- HOW TO COMPLETE THIS TASK:
Go to the line containing "NFC quarterback Drew" below; retype it and all following lines exactly, and leave out the pictures.

- DATASET EXCERPT:

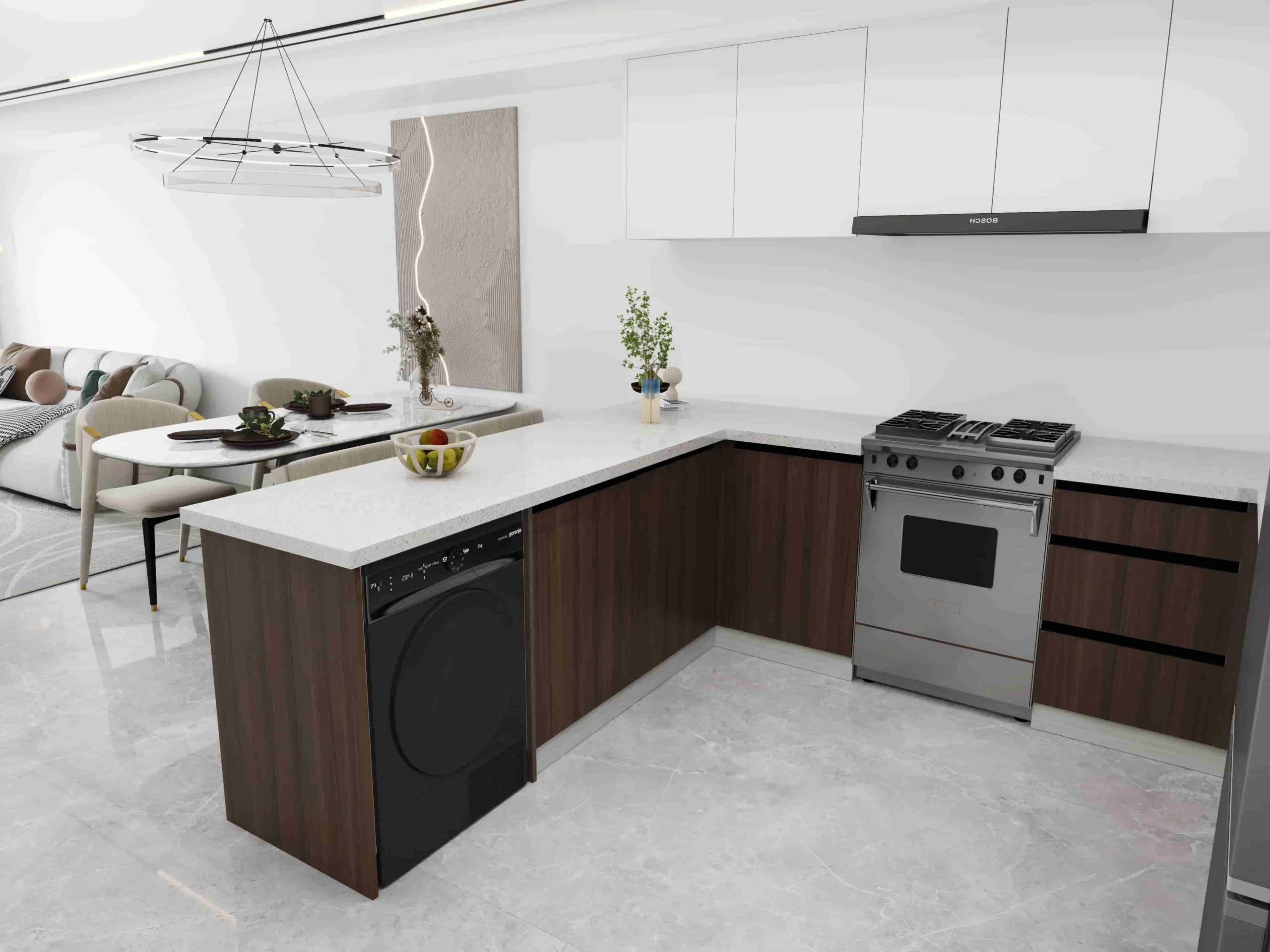 Traditional Brown and White U-Shaped Small Kitchen Cabinets 4 Traditional Brown and White U-Shaped Small Kitchen Cabinets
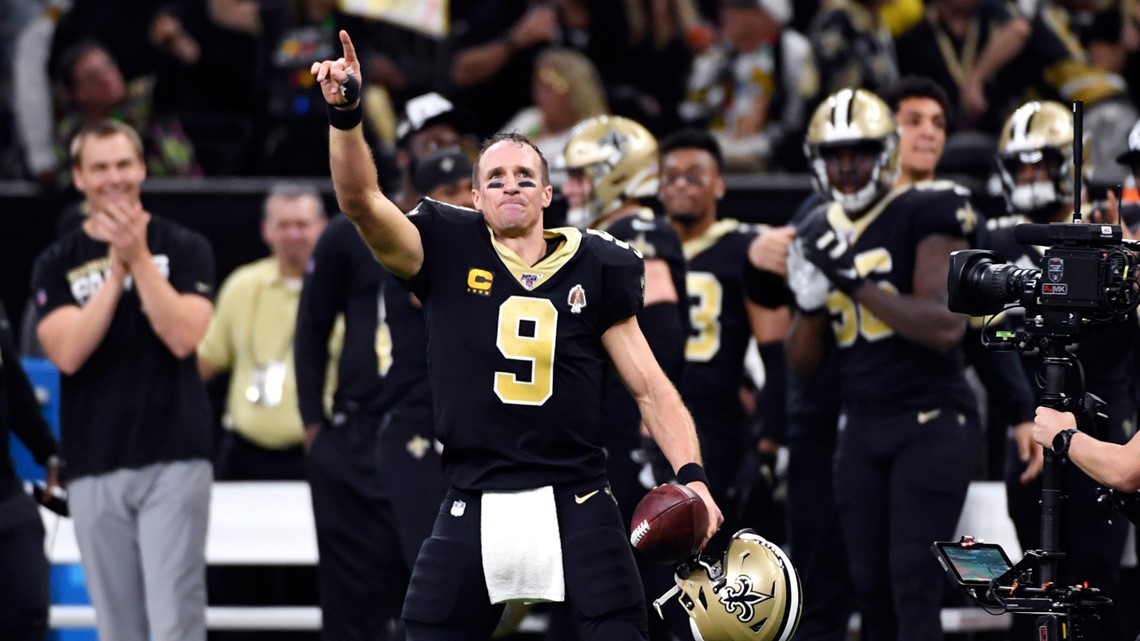 NFC quarterback Drew Brees of the New Orleans Saints (9) throws a pass  during the Pro Bowl, Sunday, Jan. 26, 2020, at Camping World Stadium in  Orlando, Florida. (Photo by IOS/ESPA-Images Stock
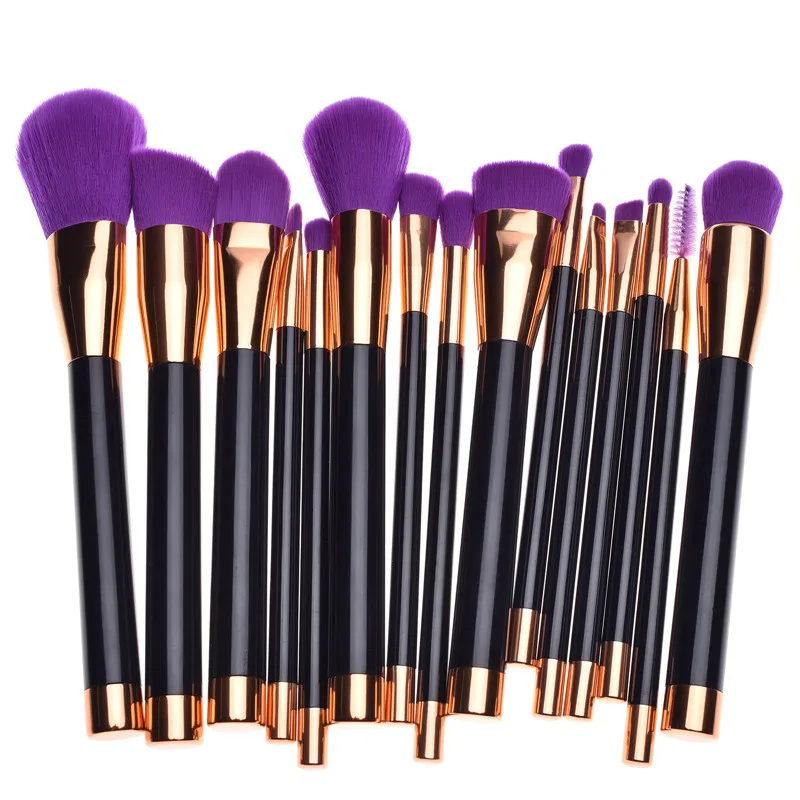 Ensemble de pinceaux de maquillage Pro 15 pièces fond de teint en poudre cosmétiques or violet Kit de pinceaux de maquillage de haute qualité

- ANSWER:
 NFC quarterback Drew Brees of the New Orleans Saints (9) throws a pass  during the Pro Bowl, Sunday, Jan. 26, 2020, at Camping World Stadium in  Orlando, Florida. (Photo by IOS/ESPA-Images Stock
 Ensemble de pinceaux de maquillage Pro 15 pièces fond de teint en poudre cosmétiques or violet Kit de pinceaux de maquillage de haute qualité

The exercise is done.